The illustrated code is aiming to complete the following tasks:

1) Loop through a list of URL e.g. suburbs listing of sold properties a

https://www.realestate.com.au/sold/in-annandale,+nsw+2038%3b/list-1

https://www.realestate.com.au/sold/in-nsw,+nsw+2042%3b/list-1

2) For each member we have to navigate and click through a series of web pages to download documents or to scrap data

3) If you are downloading data then wait until files are downloaded and then rename and move files for next loop to commence

4) loop through the list and scrap the web page , download files or do both

Below I have loosely described how to achieve this aim and to handle various scenario which one will face:

First Step if you are downloading documents from the website then you need to set the folder where the files are downloaded and staged and the "moved to folder" where after each loop cycle the files are moved to. In my example i rename the files once downloaded and then move them to the "moved to folder". Since i might be downloading thousands of document if they remain in the downloaded folder each cycle will rename them and process them.

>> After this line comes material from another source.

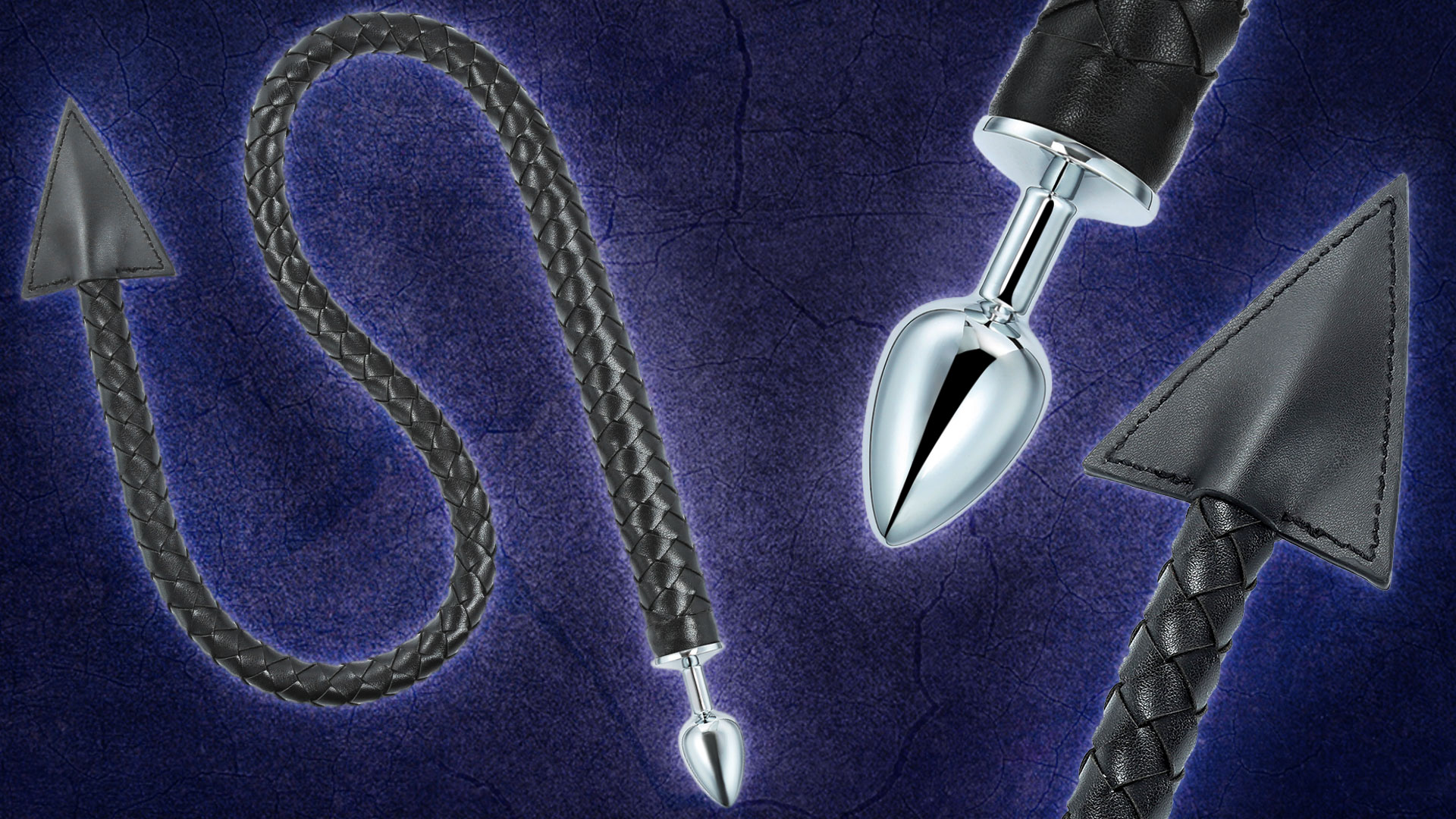 anal vibrator cock ring Devil Tail Anal Plug And Horns Set main image 1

Also we have broken down the URL so that we can add a looping element as per my example above we can loop through suburbs in "realestate.com.au".

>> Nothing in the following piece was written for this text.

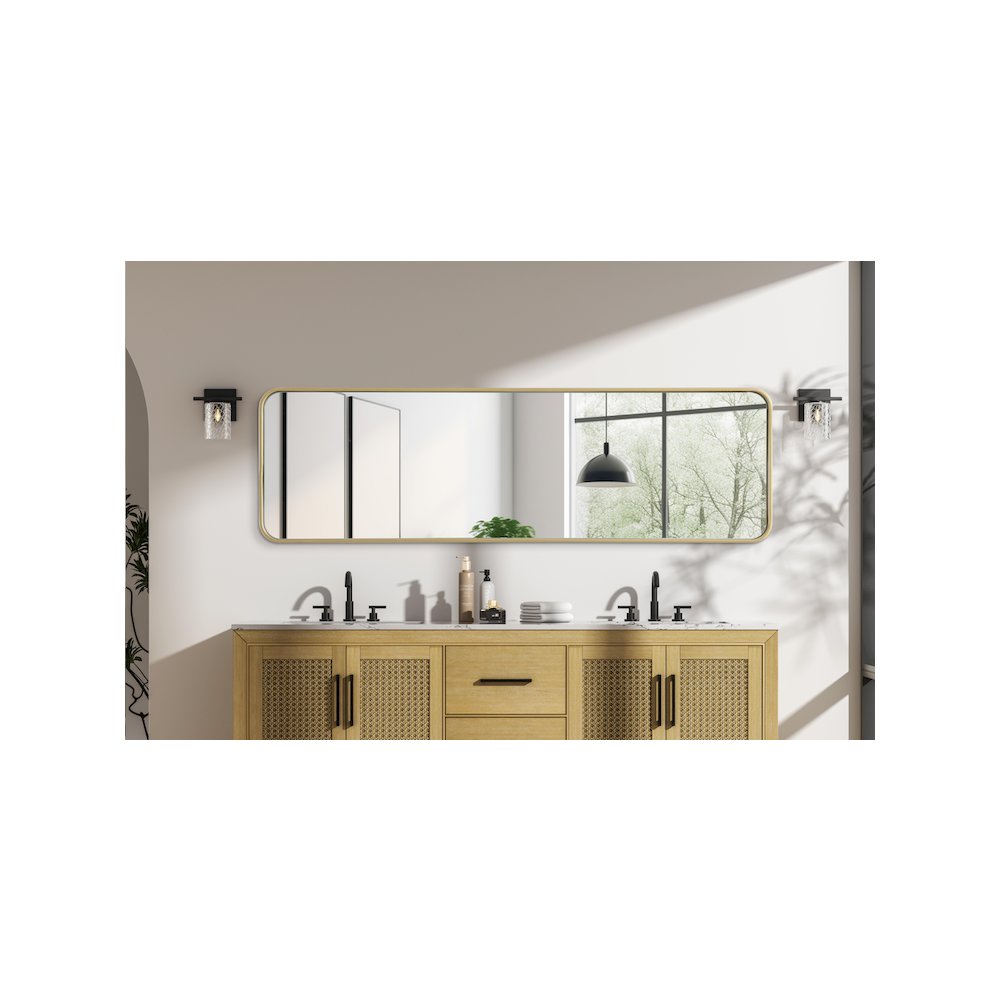 Contour Metal Rectangle Mirror 18x60 in Brass. Picture 6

The loop will than iterate through a list or data-frame columns values.

What will the list and loop look like?

newtown+nsw+2038

annandale+nsw+2042

Erskenville+nsw+2041

In our example above where we are scraping data from realestate.com.au this list will be used to create new url for each loop like "https://www.realestate.com.au/sold/in-annandale,+nsw+2038%3b/list-1 ". This is shown in the embedded code below.

So lets begin:

#FOLDER LOCATION WHERE IF YOU ARE DOWNLOADING DOCUMENTS ARE SAVED, PROCESSED AND THEN MOVED
src_dir = r"c:\folder_where_the_renamed_files_are_saved"
dest_dir = r"c:\folder_where_the_files_are_first_downloaded"

#BREAKDOWN THE URL INTO THREE PARTS
#1 BEGINNING
url_template1 = "https://www.realestate.com.au/sold/in-"
#2 END
url_surf1 =  "%3b/list-1"

#EXAMPLE: url_base = url_template + suburbid+ url_surf

#COMMENCE LOOP TEST IS THE DATA FRAME WHERE FIRST COLUMN HAS THE VALUE WE WANT TO LOOP THROUGH HENCE test[1]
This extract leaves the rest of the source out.